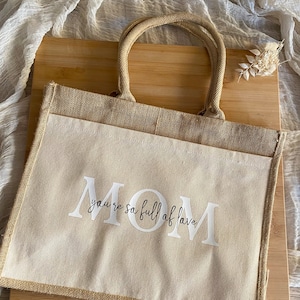 Jute Tasche MOM Bild 1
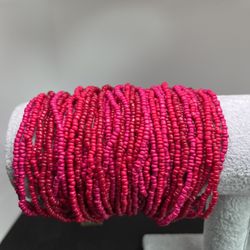 Berry color Beaded Multi-Strand Bracelet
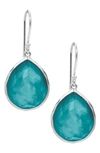 Ippolita Large Single Teardrop Earring In Turquoise In Silver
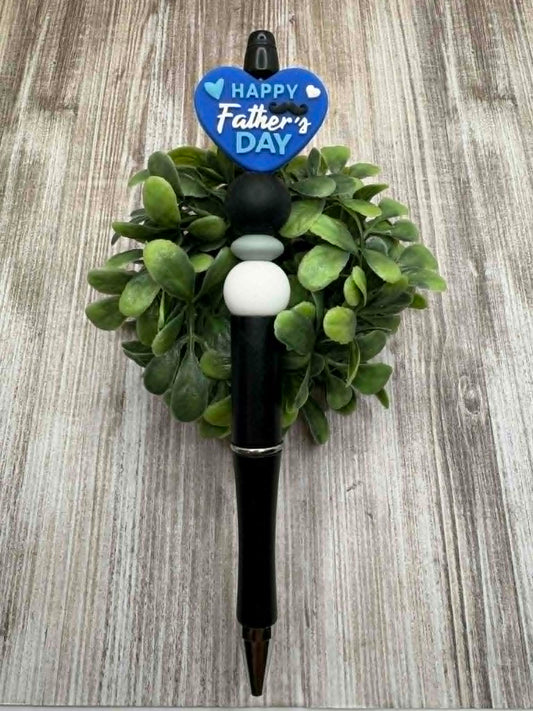 Happy Father's Day Beaded Ink Pen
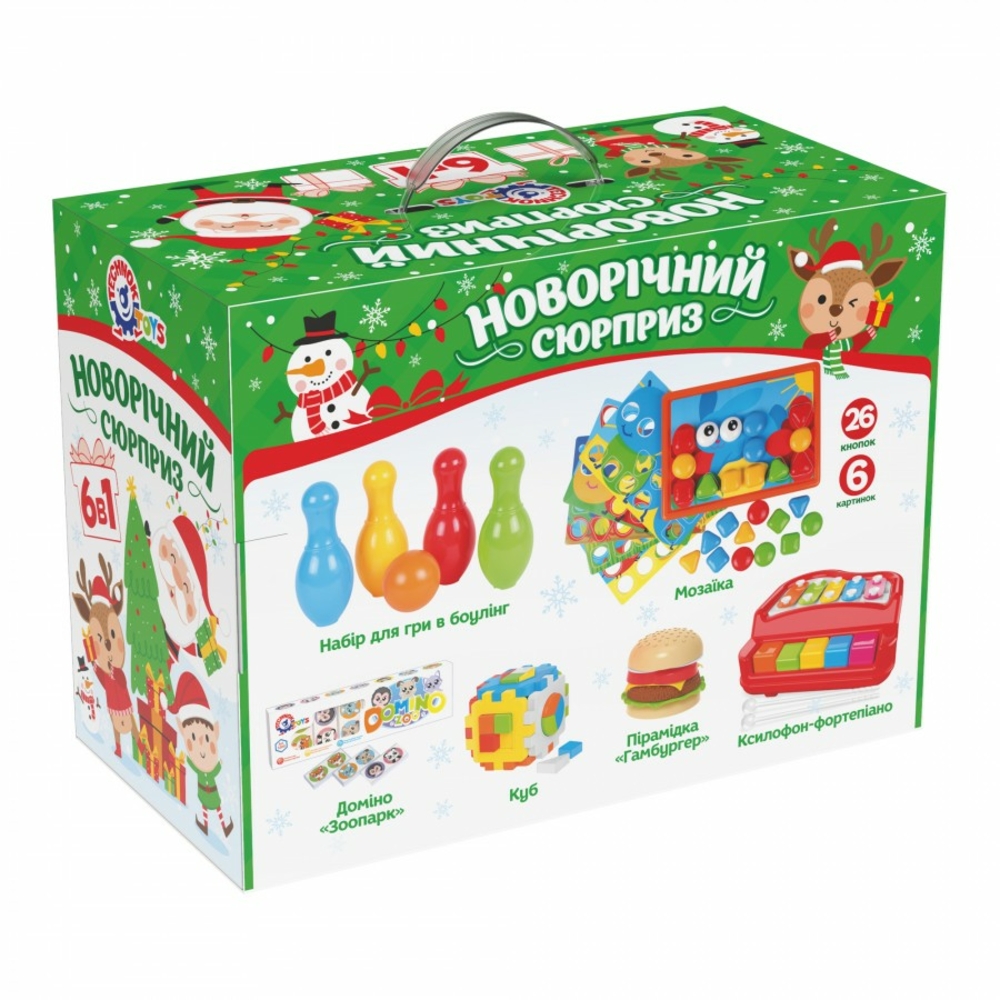 Фото, Видеообзоры новорічний набір іграшок технок, арт.8829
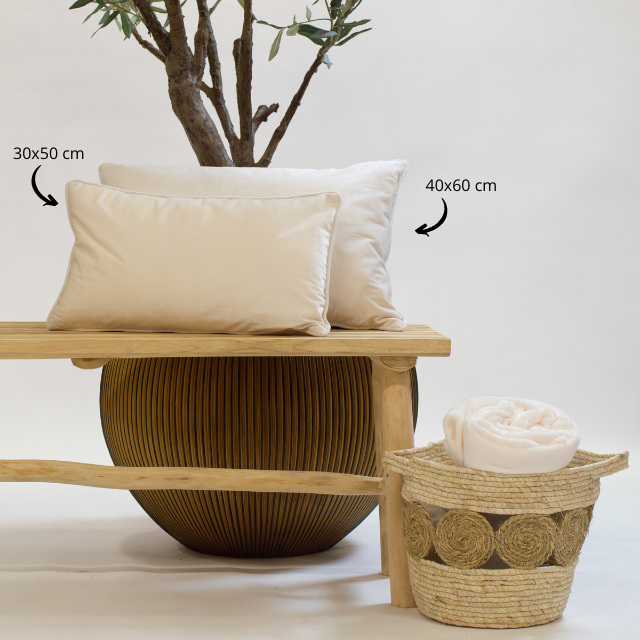 Dutch Decor sierkussen FINN - 30x50 cm Snow White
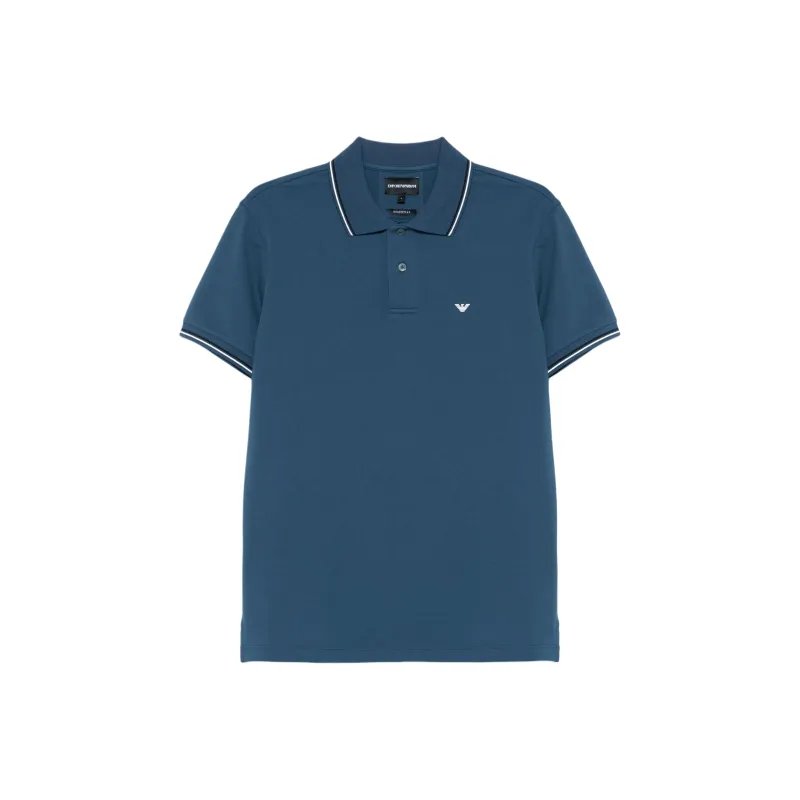 EMPORIO ARMANI Logo print Polo Shirt-0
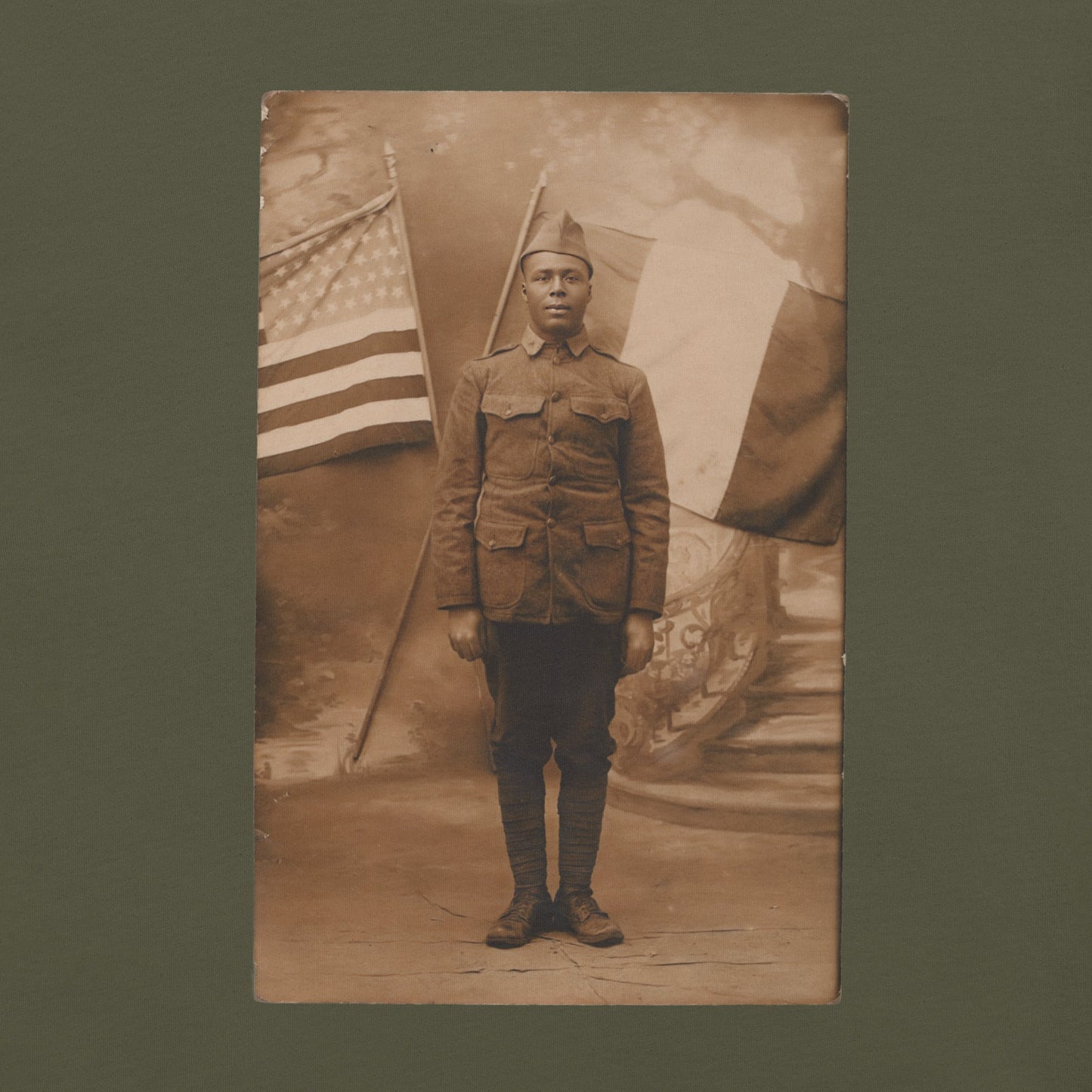 Black WWI Soldier T-Shirt - Bold Black Apparel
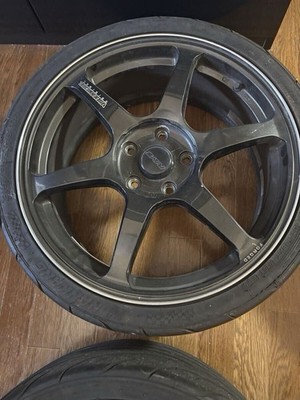 JDM RAYS wheels TE37 R18/7.5J/with tires br RAYS (No Tires) - Image 4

_ _ _

From the first line of the listing above, repeat every line through the one holding "EMPORIO ARMANI Logo print Polo Shirt-0". Both ends count, and pictures stay out.

• Response:
 Jute Tasche MOM Bild 1
 Berry color Beaded Multi-Strand Bracelet
 Ippolita Large Single Teardrop Earring In Turquoise In Silver
 Happy Father's Day Beaded Ink Pen
 Фото, Видеообзоры новорічний набір іграшок технок, арт.8829
 Dutch Decor sierkussen FINN - 30x50 cm Snow White
 EMPORIO ARMANI Logo print Polo Shirt-0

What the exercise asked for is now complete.